For the 2005-06 season, the Spurs had added the not-yet-ancient Michael Finley and the very ancient Nick Van Exel, creating the most loaded Spurs team ever.  The Spurs went 63-19 in the regular season but struggled against the rugged Sacramento Kings in the first round of the playoffs, taking six games to dispatch them.  Then the Spurs faced a fearsome Dallas Mavericks team in the Western Conference semifinals.  Over the first four games of the series, the Mavericks had their way with the Spurs, pushing them to the brink after taking a 3-1 series lead.  But, the Spurs would rally and force one of the greatest Game 7s in NBA playoff history.  The Spurs would lose in overtime on their home floor.  Tim Duncan may never have played a better playoff game.  As painful as it is for Spurs fans to admit, the Mavericks were a better team for most of the series and a bad match-up for the Spurs’ aging role players.

2008

The 2007-08 season was almost oxymoronic for the Spurs.  The 2008 Spurs may have been their worst title defense team, yet it was the closest the Spurs got to repeat Finals appearances.  The Spurs beat Phoenix Suns in the first round of the playoffs.  The Suns had traded for Shaquille O’Neal in a very misguided attempt to contain Tim Duncan.  It did not work.  The Spurs took care of the Suns in a gentleman’s sweep (went up 3-0, allowed the Suns one game and then finished them off).  This series did contain one of the greatest double overtime thrillers in recent NBA playoff history.  The Spurs then won a tough seven-game series against a very good New Orleans Hornets team before getting hammered by Kobe Bryant and the Lakers in the Western Conference Finals.  While you could say that the Lakers were too big and athletic for the Spurs and Kobe Bryant was too determined, all of which was true, the Spurs did choke a 2o-point lead away in Game 1 and Manu Ginobili was a shell of himself that series after injuring his ankle in the previous round.

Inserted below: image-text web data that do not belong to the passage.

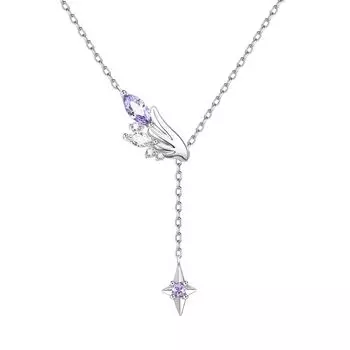 Ожерелье с крыльями, мотивом «Перо лебедя», цирконий высшего качества, фиолетовый цирконий, качающаяся подвеска, серебро S925, ювелирные изделия из стерлингового серебра «Близнецы, сестры, друзья»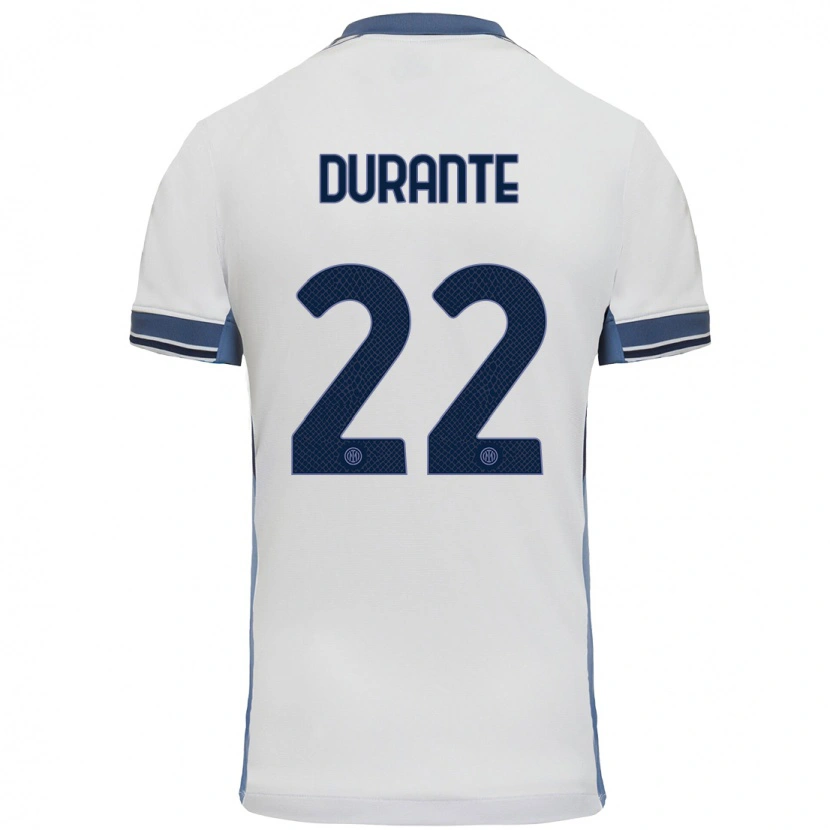 Danxen Dětské Francesca Durante #22 Bílá Šedá Daleko Hráčské Dresy 2024/25 Dres
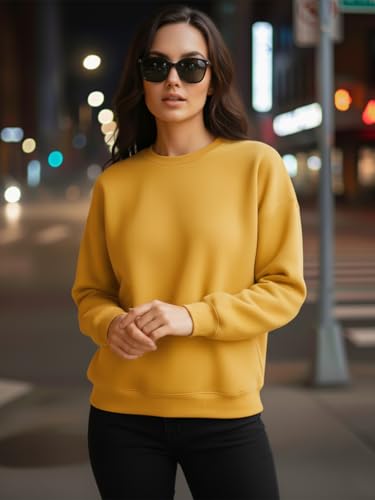 Image of LEOTUDE Women's Full Sleeve Round Neck Loopknit Solid Sweatshirt for Women (Color Mustard)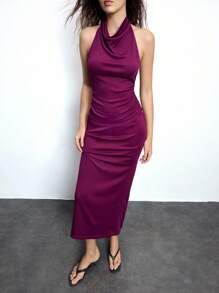 Maija Conjunto de top corto sin mangas de cuello drapeado de punto acanalado morado y falda de cintura alta, estilo ceñido cómodo y agradable a la piel, adecuado para Pascua, festival de música, brunch de graduación, elegante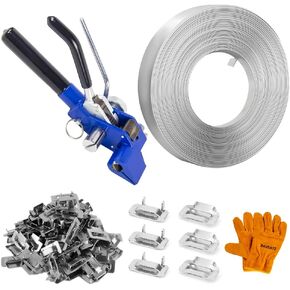 BAUSATZ Packaging Strapping Kit - Stainless Steel Banding Coil (3/4" x 100ft x 0.03") & Ear-Lokt Buckles (100pcs) - Silver - Industrial, Construction, Outdoor in Kuwait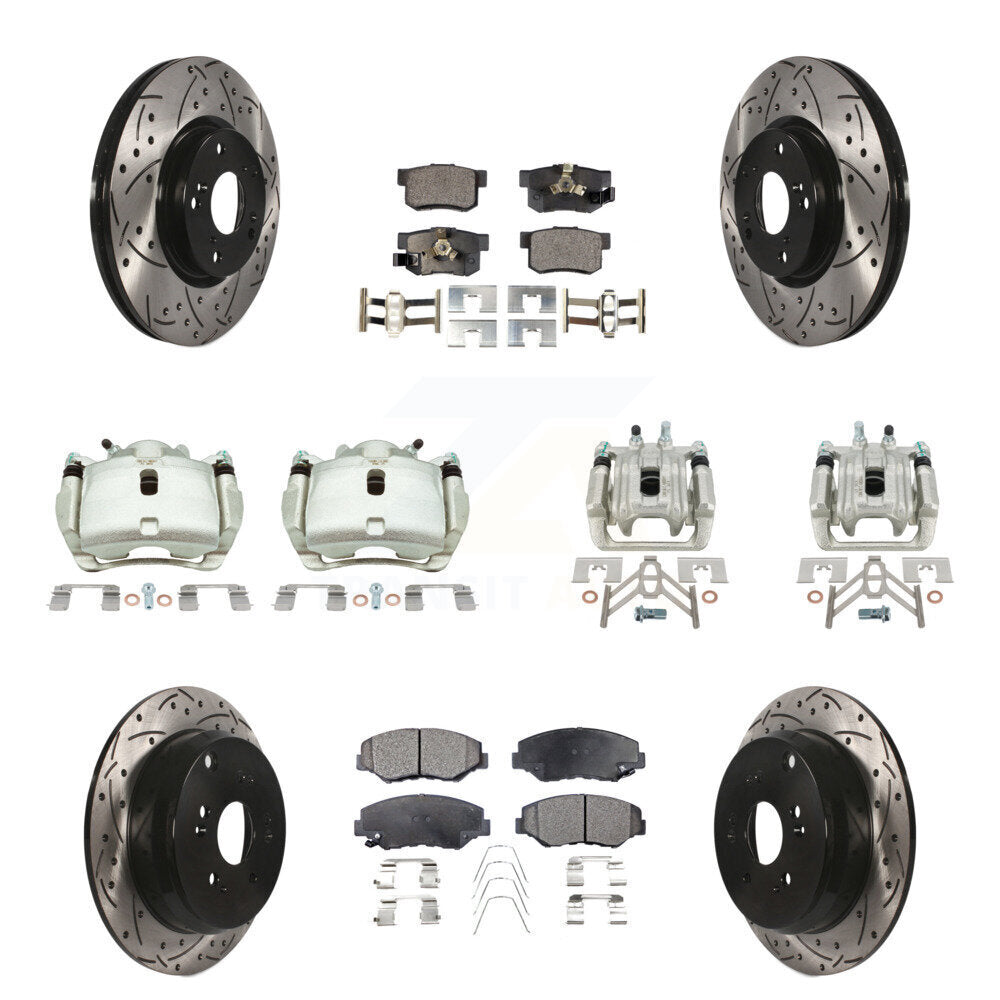 Kit de plaquettes en céramique pour étriers de frein avant et arrière, Rotors à fentes (10 pièces) pour Honda CR-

It is safe to say that the Spurs’ 2000 and 2004 title defenses were cut short due to bad luck.  Injuries are inherently unlucky and that Derek Fisher shot could only have been the result of a curse.  While Spurs fans point to the no-call on Duncan at the end of regulation of Game 7 of the 2006 Western Conference semifinals, that if called, would have put Duncan on the free-throw line for the win, the Mavericks were the better team.  It was clear from watching the series.  One could also say the Lakers were the better team in the 2008 Western Conference Finals; however, I believe with a healthy Ginobili the teams would have been much more evenly matched.  Again, injuries in sports are tantamount to bad luck, regardless of the cause.  So, looking at the data presented, the Spurs do seem to run into to some rather bad luck when attempting to make back-to-back Finals appearances.    Does this bad luck mount to the level of a curse?  Well if you are a San Antonio Spurs fan, then yes, it absolutely does.